■ **Task goal**
Word for word, restate the lines of the data from the first through the one containing "Obraz premium Black", and nothing else.

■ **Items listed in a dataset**
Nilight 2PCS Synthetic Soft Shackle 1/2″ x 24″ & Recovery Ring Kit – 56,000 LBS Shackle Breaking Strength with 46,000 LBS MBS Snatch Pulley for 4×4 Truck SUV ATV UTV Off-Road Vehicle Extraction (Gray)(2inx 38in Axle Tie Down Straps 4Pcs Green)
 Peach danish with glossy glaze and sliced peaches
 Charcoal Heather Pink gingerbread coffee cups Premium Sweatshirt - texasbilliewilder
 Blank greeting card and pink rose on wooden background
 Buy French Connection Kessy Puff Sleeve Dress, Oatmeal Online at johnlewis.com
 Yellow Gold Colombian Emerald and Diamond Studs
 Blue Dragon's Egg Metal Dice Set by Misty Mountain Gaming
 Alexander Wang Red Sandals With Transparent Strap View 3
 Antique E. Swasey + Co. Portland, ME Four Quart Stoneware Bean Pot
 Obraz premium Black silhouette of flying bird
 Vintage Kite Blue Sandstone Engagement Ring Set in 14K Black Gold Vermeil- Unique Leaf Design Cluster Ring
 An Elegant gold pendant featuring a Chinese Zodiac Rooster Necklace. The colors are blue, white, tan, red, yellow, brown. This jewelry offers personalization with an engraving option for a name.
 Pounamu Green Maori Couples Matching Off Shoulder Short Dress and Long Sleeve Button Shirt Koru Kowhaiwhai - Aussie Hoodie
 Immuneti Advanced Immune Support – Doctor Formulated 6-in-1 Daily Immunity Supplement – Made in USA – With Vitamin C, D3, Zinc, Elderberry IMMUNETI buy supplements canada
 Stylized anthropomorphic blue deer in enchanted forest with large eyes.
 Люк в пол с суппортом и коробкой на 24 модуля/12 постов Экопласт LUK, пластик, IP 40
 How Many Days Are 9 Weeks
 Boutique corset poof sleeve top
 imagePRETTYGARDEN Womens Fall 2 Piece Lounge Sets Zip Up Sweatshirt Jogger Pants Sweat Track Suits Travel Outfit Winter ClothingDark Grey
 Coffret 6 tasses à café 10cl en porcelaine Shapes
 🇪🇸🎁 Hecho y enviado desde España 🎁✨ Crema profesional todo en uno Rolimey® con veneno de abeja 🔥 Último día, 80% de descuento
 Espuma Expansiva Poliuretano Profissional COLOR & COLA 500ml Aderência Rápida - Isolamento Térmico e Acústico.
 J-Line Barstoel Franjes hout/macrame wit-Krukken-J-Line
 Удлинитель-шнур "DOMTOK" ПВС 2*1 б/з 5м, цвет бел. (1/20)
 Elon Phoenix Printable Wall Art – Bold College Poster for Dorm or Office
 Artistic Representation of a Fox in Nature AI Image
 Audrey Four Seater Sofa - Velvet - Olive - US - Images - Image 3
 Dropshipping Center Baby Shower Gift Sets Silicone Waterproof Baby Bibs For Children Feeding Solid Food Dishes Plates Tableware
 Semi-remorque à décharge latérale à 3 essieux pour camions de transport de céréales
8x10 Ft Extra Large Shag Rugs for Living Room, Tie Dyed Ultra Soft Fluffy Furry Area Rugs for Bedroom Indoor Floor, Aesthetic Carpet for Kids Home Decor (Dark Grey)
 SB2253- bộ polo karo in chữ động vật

■ **Response to this task**
Nilight 2PCS Synthetic Soft Shackle 1/2″ x 24″ & Recovery Ring Kit – 56,000 LBS Shackle Breaking Strength with 46,000 LBS MBS Snatch Pulley for 4×4 Truck SUV ATV UTV Off-Road Vehicle Extraction (Gray)(2inx 38in Axle Tie Down Straps 4Pcs Green)
 Peach danish with glossy glaze and sliced peaches
 Charcoal Heather Pink gingerbread coffee cups Premium Sweatshirt - texasbilliewilder
 Blank greeting card and pink rose on wooden background
 Buy French Connection Kessy Puff Sleeve Dress, Oatmeal Online at johnlewis.com
 Yellow Gold Colombian Emerald and Diamond Studs
 Blue Dragon's Egg Metal Dice Set by Misty Mountain Gaming
 Alexander Wang Red Sandals With Transparent Strap View 3
 Antique E. Swasey + Co. Portland, ME Four Quart Stoneware Bean Pot
 Obraz premium Black silhouette of flying bird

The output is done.